The US would not want to “destroy or damage” Hong Kong, which is one of the most active US dollar trading centres in the world and a gateway between the US and China, he said. “Imagine also the repercussions such a nuclear option might have on sentiment in global financial markets, and on the status of the US dollar,” he added.
As far as linking the local currency to the yuan was concerned, Yam said this “should only be considered as one of many contingency options, if there is a nuclear war in finance”. Switching the peg to the Chinese currency will require handling a lot of technical issues and “this will not happen any time soon”.
“If we are forced to change the currency anchor link from the US dollar to another currency, it means the Exchange Fund will need to switch about US$300 billion worth of liquid US dollar assets [that are currently] giving full backing to the Hong Kong dollar monetary base into assets in the new anchor currency.

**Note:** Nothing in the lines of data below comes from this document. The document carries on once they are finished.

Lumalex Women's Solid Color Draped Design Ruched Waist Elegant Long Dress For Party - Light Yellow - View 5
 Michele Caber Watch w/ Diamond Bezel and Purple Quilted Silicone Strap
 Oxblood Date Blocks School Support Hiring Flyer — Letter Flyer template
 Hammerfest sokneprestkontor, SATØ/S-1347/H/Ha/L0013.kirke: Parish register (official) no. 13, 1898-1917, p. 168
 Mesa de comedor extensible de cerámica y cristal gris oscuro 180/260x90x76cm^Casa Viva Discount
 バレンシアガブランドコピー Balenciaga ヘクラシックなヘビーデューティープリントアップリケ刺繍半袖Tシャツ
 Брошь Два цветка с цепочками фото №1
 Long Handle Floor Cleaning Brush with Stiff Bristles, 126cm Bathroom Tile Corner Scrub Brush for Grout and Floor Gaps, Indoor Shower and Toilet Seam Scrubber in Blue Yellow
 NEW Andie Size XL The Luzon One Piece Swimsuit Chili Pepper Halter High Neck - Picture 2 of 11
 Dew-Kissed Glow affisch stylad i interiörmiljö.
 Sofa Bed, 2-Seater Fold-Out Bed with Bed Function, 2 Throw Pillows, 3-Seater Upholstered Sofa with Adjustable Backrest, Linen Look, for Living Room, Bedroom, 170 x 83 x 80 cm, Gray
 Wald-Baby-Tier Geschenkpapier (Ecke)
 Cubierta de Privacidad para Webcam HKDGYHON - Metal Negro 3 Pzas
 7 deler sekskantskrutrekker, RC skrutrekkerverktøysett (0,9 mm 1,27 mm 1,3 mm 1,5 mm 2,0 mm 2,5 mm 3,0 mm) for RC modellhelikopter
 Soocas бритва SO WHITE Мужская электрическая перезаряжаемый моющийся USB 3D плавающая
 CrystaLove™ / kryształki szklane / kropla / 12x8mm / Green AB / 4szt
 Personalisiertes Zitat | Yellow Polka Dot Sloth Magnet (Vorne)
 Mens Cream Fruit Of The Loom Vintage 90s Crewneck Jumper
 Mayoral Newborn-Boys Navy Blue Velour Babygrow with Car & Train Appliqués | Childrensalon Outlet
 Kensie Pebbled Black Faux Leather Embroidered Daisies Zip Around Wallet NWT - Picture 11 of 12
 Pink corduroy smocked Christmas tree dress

Let me tell you – this is not a simple matter,” Yam said.
The city could, however, do more to help internationalise the yuan further, he said, as China would like to reduce its dependence on the US dollar in its international economic and financial activity.
“The offshore yuan market in Hong Kong has an increasingly important role to play in the years ahead,” Yam said, adding that the yuan could be used along with the Hong Kong dollar for stock market pricing and settlement, which would be a “wise and strategic move”.
On the subject of whether the Hong Kong dollar would continue to exist as a stand-alone currency in 2047, 50 years after Hong Kong’s handover to China, Yam said: “Why not?”
President Xi Jinping said in 2018 that the world was undergoing a change not seen in a century, with the rise of China and the West developing strategies to contain it. Such a change will present new challenges and opportunities for Hong Kong, Yam said.
“To continue to play an essential role as the preferred intermediary, particularly when global financial markets are poised for directional shifts and volatility, I see no better alternative than to keep the peg in place,” he said.